Nach Fatih Akins mit dem Golden Globe ausgezeichneten „Aus dem Nichts“ geht es nun auch Jan Bonny („Gegenüber“) offensichtlich nicht darum, die Taten des NSU in einem biographischen Drama nachzuerzählen. Stattdessen nutzt er die abscheulichen Verbrechen als Ausgangspunkt, um in einer (halb-)fiktiven Erzählung seinen ganzen angestauten Ekel zum Ausdruck zu bringen – und das gelingt ihm auf eine Weise, die „Wintermärchen“ zwar nur schwer erträglich, aber deshalb nicht weniger gelungen macht.
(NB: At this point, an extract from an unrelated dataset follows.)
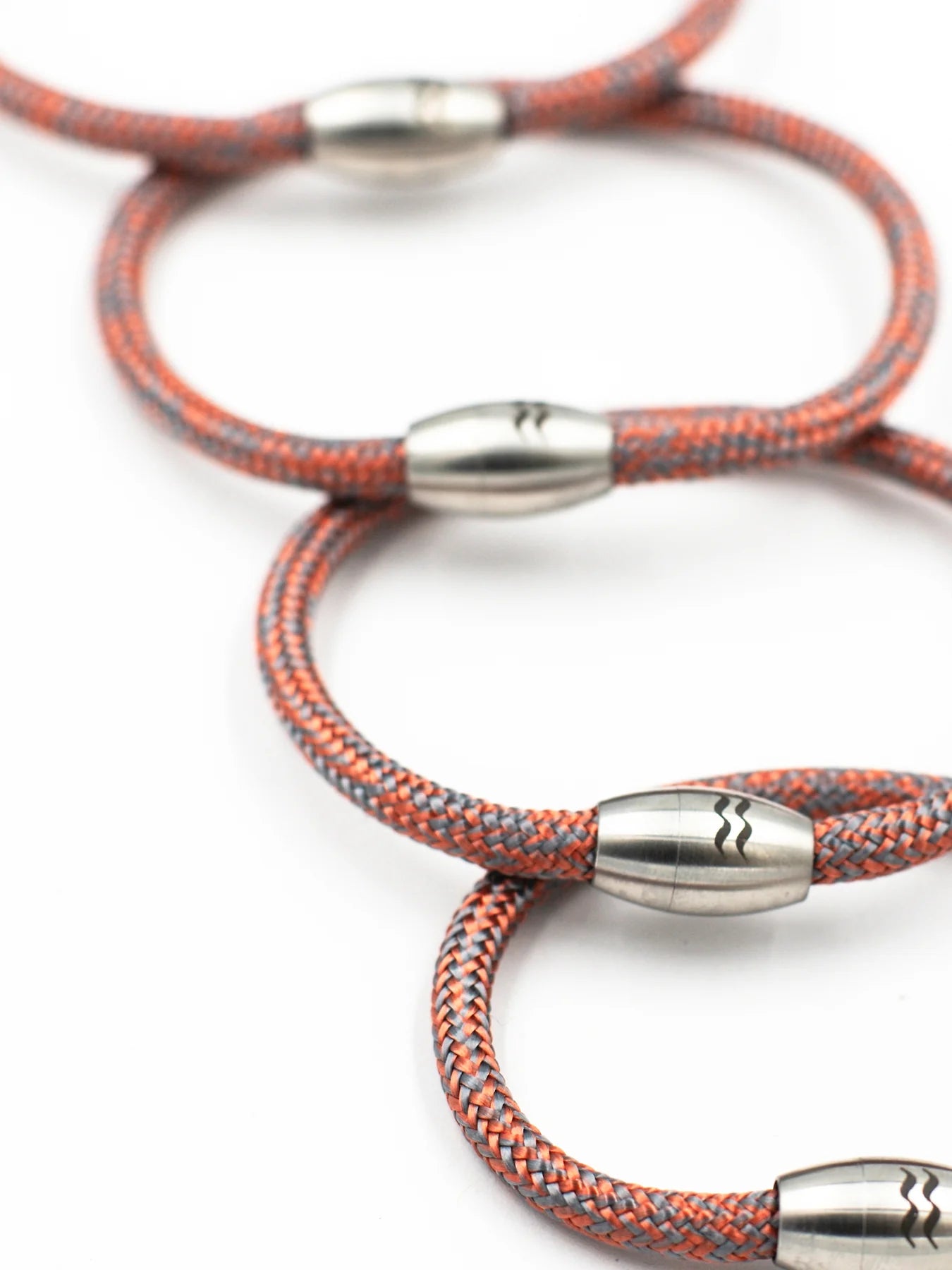 Recycled Plastic Bracelet - Red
Kein Wunder also, dass er es mit dem Film in den prestigeträchtigen, für widerborstige Beiträge bekannten Wettbewerb beim Filmfestival in Locarno geschafft hat.
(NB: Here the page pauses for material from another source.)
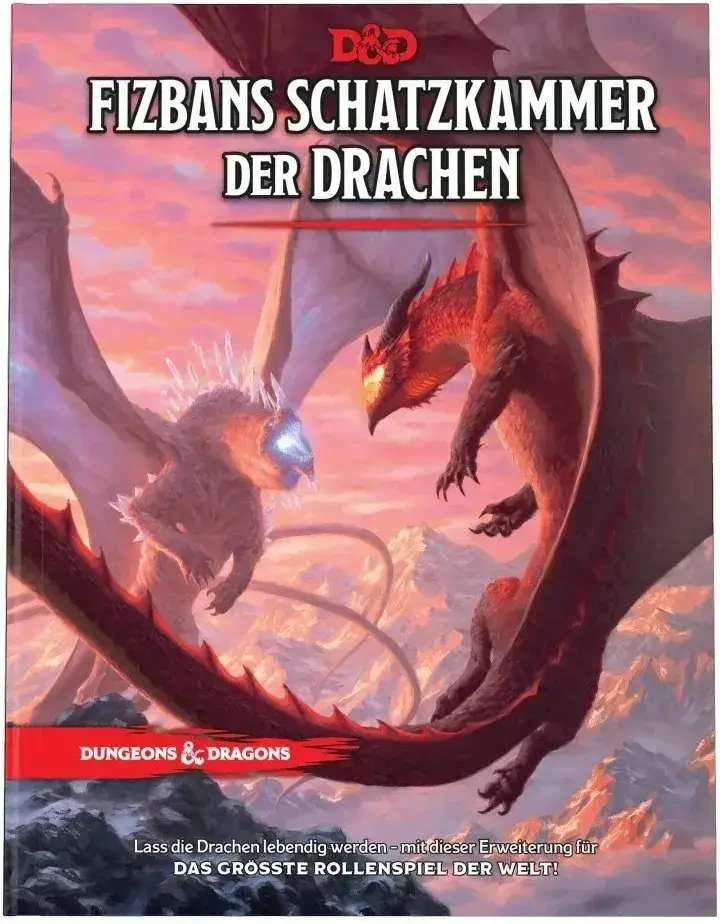 Dungeons & Dragons RPG: Fizbans Schatzkammer der Drachen (DE)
WintermärchenDie Terrorzelle um Tommi (Thomas Schubert), Becky (Ricarda Seifried) und Maik (Jean-Luc Bubert) lungert zunächst in einer viel zu kleinen Kölner Wohnung herum. Man schreit sich frustriert an, wenn es nicht mal mehr mit dem Ficken klappt, während sie darauf warten, endlich Ausländer töten zu können. Hier geht es nie wirklich um die dahinterstehende Ideologie – die wird nur als Rechtfertigung genutzt, um die eigenen Triebe rechtfertigen zu können. Denn nach dem Morden klappt es auch wieder mit der Orgie. Und so kommen wir dann am Ende unserer 4-Sterne-Kritik auch zu dem Fazit: „Jan Bonny wirft in seinem wuchtigen ‚Wintermärchen‘ einen schmerzhaft schonungslosen Blick in eine Terrorzelle, die wahllos mordet, vögelt und sich selbst zerfleischt.“ Ja, das ist ein etwas anderer Blick auf das gastfreundschaftliche Deutschland, das Sönke Wortmann noch 2006 in seiner WM-Doku „Deutschland. Ein Sommermärchen“ abgefeiert hat.
„Wintermärchen“ startet bereits am 21. März 2019 in den deutschen Kinos.